A farmer then hitched his oxen and plowed furrows, setting the sod aside to use in building the house. A generous amount of land was plowed near the site, not only for sods but to act as a fireguard, for prairie fires were a constant menace. The farmer then headed off to the nearest bush and cut enough trees to make a rough framework for his house. He’d stick the poles in the ground and use it as a guide, piling the sods against the poles.
Each sod was cut about a foot wide, two feet long, and 2″ to 4″ thick (depending who’s telling the story.) One old-timer estimated it would take about 4000 sods to build a house 16′ x 24′. He says when he was twelve, he, his mother and sister had built their soddy while his dad was plowing the land and seeding the crops.
Homesteaders who built log houses stripped the bark off the felled trees and stacked them up, using mud for chinking between the logs.

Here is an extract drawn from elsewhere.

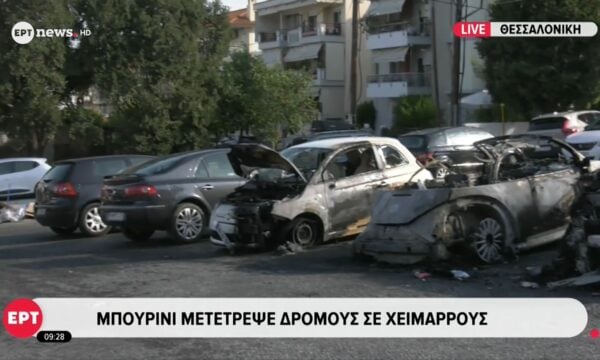 Θεσσαλονίκη: Φωτιά σε ΙΧ – Επεκτάθηκε σε άλλα δύο οχήματα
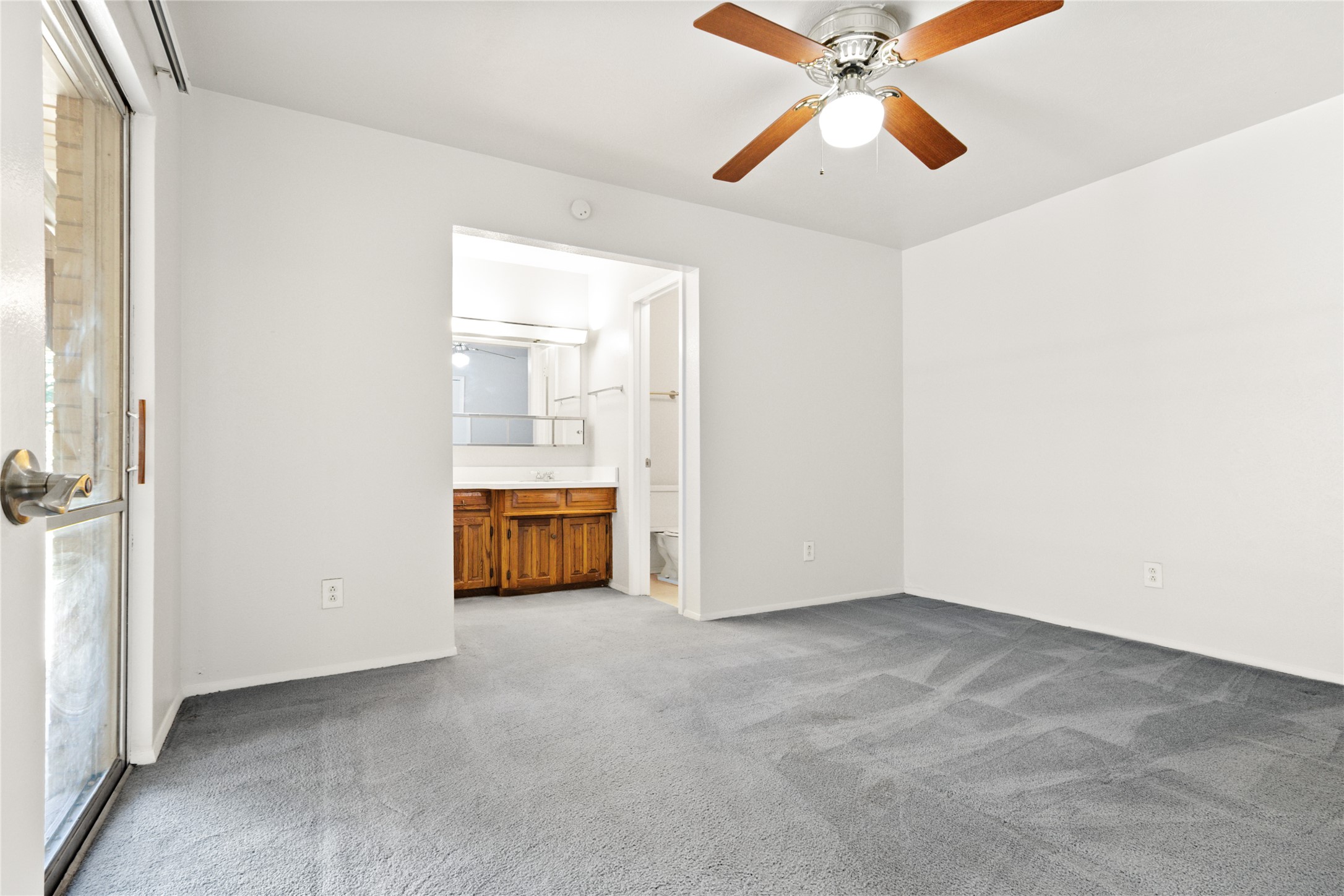 215 Jasanda Way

In both cases space was left for a door, but sometimes these ended up so low that the man of the house had to stoop to enter. Folks who could afford it bought a pane or two of window glass. One Alberta homesteader told us he’d built his log cabin for $5: he’d bought one pane of glass and some nails; the rest came out of his bush. Those who could afford more bought pine boards and hauled them to the site to build their shacks.
A family from England learned the hard way that a door must be hung so it swings inward. During their first winter in their prairie home a blizzard piled snow against their door until it was almost covered. It opened only a crack; through this they had to scoop snow by handfuls from inside until they finally got the door open enough that their father could get out to feed their livestock.
Usually the inside walls were covered somehow. Log house walls were often smoothed with mud, then whitewashed–whitewash (calcimine) being a cheap paint make of slaked lime and chalk. Some folks hung thick flannel cloths on the inside walls of their soddies; some would have mudded, then tar papered and whitewashed the inside walls to keep the dirt from falling into the house in dry weather.
And to Top It All Off
For both types of house, poles were laid across the top to serve framework for the roofing material, layers of hay, sod, more hay, then dirt and more sod to keep the dirt from blowing away. A small cellar was dug so the family could store root vegetables where they wouldn’t freeze.
They say sod houses were quite comfortable: warm in winter and cool in summer. But when it rained, the comfort level dropped severely. If an area got two or three days of rain, the roofing material absorbed water until the whole works was saturated, then it “rained” in every room of the house. For day or two after a heavy rain the muddy water dripped down on the occupants and furnishings; the only dry place in the house being under the table.
That was the only “running water” in most pioneer homes. Plumbing was outdoors year-round: a bucket down the well and a little wooden biffy out back.